## WHAT YOU NEED TO DO:
Give back exactly the lines from the "Authentic GUCCI Vintage" line to the final line of the records, and only those, minus any pictures.

## GIVEN ENTRIES:
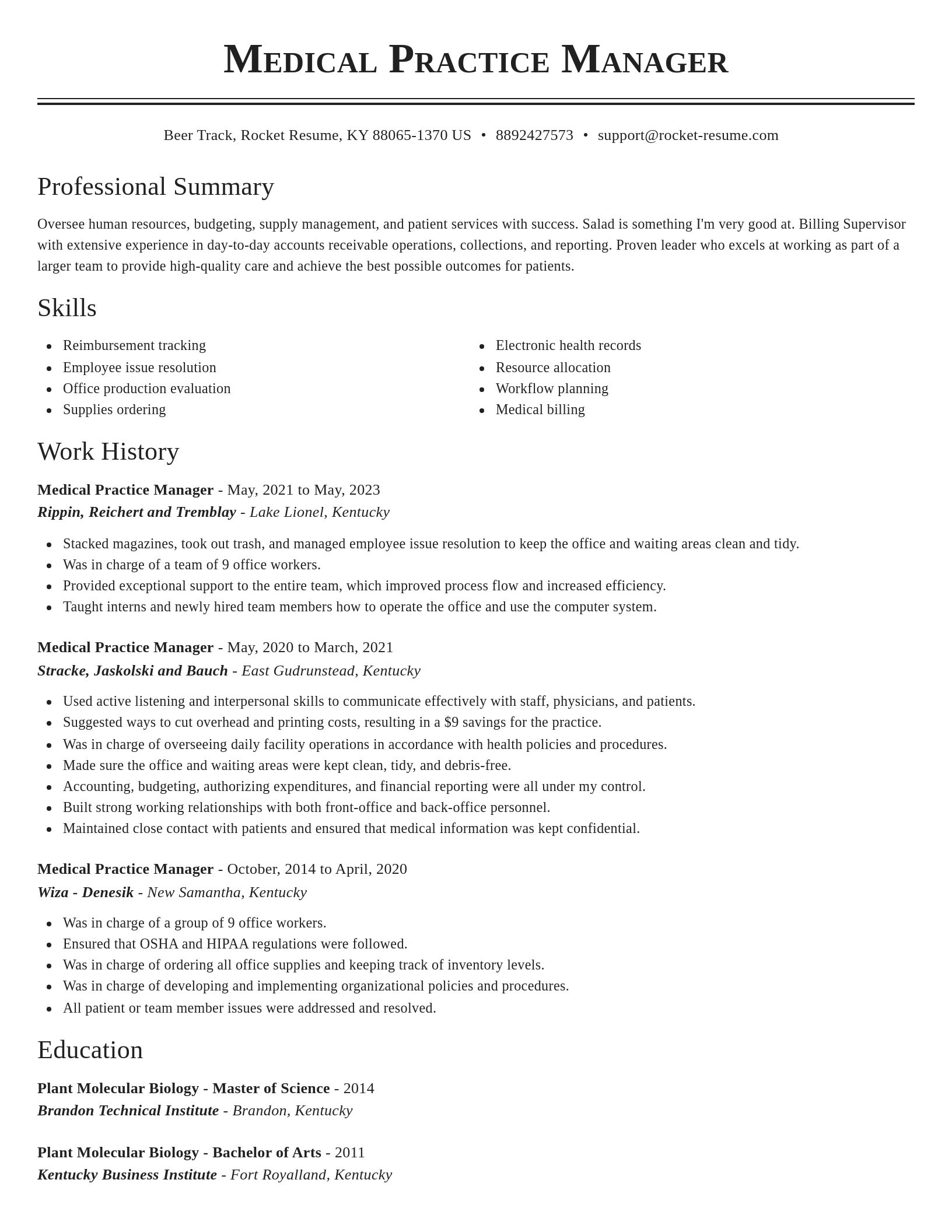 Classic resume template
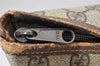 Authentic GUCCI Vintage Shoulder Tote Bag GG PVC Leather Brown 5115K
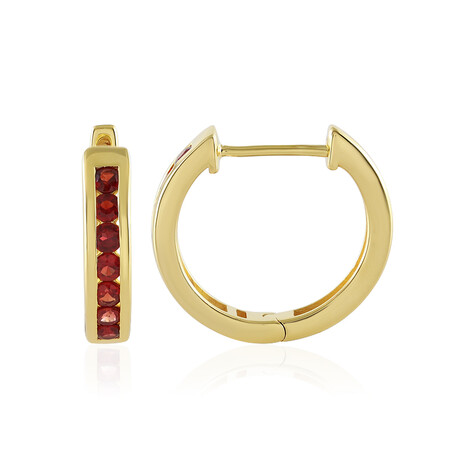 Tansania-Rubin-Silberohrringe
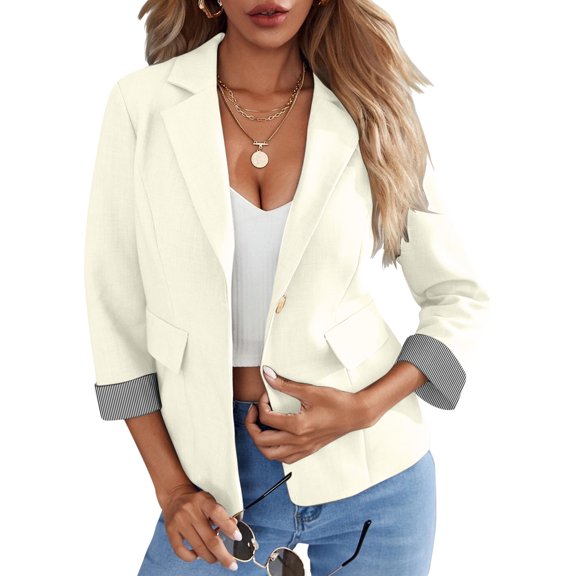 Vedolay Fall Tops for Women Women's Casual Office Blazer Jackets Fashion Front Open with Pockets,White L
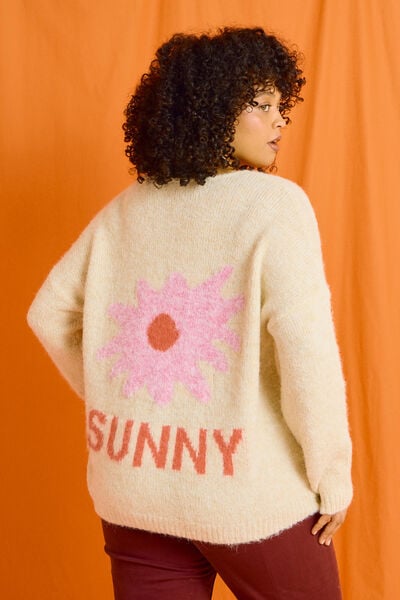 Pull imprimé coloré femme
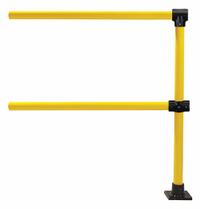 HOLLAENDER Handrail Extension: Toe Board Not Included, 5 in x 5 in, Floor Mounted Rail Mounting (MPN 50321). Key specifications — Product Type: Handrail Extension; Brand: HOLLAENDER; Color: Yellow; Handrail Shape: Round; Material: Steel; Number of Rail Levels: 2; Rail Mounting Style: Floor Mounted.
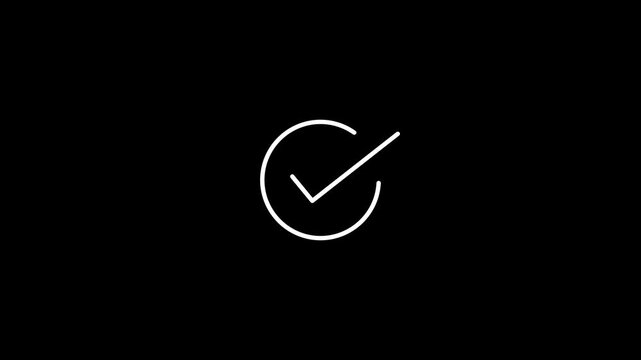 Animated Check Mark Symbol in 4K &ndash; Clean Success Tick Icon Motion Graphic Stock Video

## WRITTEN SOLUTION:
 Authentic GUCCI Vintage Shoulder Tote Bag GG PVC Leather Brown 5115K
 Tansania-Rubin-Silberohrringe
 Vedolay Fall Tops for Women Women's Casual Office Blazer Jackets Fashion Front Open with Pockets,White L
 Pull imprimé coloré femme
 HOLLAENDER Handrail Extension: Toe Board Not Included, 5 in x 5 in, Floor Mounted Rail Mounting (MPN 50321). Key specifications — Product Type: Handrail Extension; Brand: HOLLAENDER; Color: Yellow; Handrail Shape: Round; Material: Steel; Number of Rail Levels: 2; Rail Mounting Style: Floor Mounted.
 Animated Check Mark Symbol in 4K &ndash; Clean Success Tick Icon Motion Graphic Stock Video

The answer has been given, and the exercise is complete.